Academic work
- Institutions: Winona State University
- Website: https://cs.winona.edu/Francioni/background.html

= Joan Francioni =

American computer scientist

Joan Francioni is an American Professor of Computer Science who works at the Winona State University in Winona, Minnesota. She received the first Ph.D. in Computer Science awarded by Florida State University in 1981. Francioni is noted for working with a number of community projects, including the Sustainable Foods Partnership and her work with visually impaired students.

== Career ==
Francioni's dissertation was Decomposition of Fuzzy Switching Functions at Florida State University 1981.
Francioni started at her career at Litton Data Systems, where she worked for two years before working at a number of educational institutions, including Florida State University, Michigan Technological University and the University of Louisiana in Lafayette. Francioni then gained experience working for one year as a visiting scientist at the North Carolina Supercomputing Center. Francioni joined Winona State University in 1998 as a Full Professor.

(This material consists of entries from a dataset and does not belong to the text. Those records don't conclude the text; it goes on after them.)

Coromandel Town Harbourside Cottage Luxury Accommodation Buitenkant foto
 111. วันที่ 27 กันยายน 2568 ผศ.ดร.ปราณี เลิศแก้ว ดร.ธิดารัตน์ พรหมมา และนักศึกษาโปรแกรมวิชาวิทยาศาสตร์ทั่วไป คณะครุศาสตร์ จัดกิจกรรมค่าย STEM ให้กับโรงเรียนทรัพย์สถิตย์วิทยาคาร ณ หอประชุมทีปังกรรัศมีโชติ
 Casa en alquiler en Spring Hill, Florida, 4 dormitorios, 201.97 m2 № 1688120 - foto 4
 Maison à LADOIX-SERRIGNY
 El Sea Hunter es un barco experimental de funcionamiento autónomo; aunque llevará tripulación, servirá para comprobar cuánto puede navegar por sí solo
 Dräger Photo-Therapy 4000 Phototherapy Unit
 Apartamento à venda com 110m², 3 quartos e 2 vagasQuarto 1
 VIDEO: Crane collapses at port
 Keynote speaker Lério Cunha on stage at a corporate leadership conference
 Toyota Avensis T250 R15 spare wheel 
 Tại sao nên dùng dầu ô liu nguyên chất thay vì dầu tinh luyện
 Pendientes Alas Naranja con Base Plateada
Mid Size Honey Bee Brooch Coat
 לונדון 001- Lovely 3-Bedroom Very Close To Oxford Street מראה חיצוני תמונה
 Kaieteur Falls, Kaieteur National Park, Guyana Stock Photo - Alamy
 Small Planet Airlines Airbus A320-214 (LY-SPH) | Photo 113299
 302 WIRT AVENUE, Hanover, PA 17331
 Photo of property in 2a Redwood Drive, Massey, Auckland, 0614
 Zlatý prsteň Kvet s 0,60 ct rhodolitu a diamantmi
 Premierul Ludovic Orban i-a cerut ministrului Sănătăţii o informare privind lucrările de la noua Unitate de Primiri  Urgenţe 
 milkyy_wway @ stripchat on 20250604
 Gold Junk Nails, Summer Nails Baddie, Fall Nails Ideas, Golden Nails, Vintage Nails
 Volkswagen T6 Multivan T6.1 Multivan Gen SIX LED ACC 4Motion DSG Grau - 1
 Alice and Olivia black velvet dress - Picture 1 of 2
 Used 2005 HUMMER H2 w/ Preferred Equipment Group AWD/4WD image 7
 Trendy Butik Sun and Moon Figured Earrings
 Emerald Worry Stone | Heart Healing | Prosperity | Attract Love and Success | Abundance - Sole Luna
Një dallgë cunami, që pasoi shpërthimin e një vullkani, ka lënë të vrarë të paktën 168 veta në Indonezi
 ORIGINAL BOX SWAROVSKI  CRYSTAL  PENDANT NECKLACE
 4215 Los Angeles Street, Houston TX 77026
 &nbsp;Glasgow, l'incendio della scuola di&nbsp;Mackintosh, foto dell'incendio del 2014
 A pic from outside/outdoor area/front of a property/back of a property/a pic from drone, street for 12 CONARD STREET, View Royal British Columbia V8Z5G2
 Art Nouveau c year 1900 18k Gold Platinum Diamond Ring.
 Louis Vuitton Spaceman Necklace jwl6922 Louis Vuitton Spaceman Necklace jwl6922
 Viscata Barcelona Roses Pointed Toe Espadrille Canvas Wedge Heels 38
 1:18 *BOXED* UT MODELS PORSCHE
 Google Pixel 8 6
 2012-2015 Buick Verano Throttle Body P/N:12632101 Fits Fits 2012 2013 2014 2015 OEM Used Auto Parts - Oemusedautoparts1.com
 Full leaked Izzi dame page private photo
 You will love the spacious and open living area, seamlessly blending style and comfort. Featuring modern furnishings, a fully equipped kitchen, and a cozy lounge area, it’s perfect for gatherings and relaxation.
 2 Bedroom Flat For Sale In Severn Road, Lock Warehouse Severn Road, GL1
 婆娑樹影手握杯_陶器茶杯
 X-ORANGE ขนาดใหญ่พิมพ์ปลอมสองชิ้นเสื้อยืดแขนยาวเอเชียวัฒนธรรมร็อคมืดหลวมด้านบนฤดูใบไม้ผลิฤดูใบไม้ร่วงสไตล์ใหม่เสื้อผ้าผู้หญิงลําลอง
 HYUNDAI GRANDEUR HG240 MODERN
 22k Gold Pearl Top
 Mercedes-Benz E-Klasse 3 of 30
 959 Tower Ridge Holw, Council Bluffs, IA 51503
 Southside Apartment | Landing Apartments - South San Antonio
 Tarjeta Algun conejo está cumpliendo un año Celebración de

In her early career, Francioni researched and made contributions in parallel computing and parallel debugging. Later in her career her research focused on computer science education, specialising in visually impaired students.

Francioni has collaborated on 35 scientific publications and served on numerous program committees, including being a department chair for 10 years. She is a member of the Advisory Committee for the Women's and Gender Studies Program at Winona State University and is the Faculty Liaison for the Center for Engaged Teaching and Scholarship.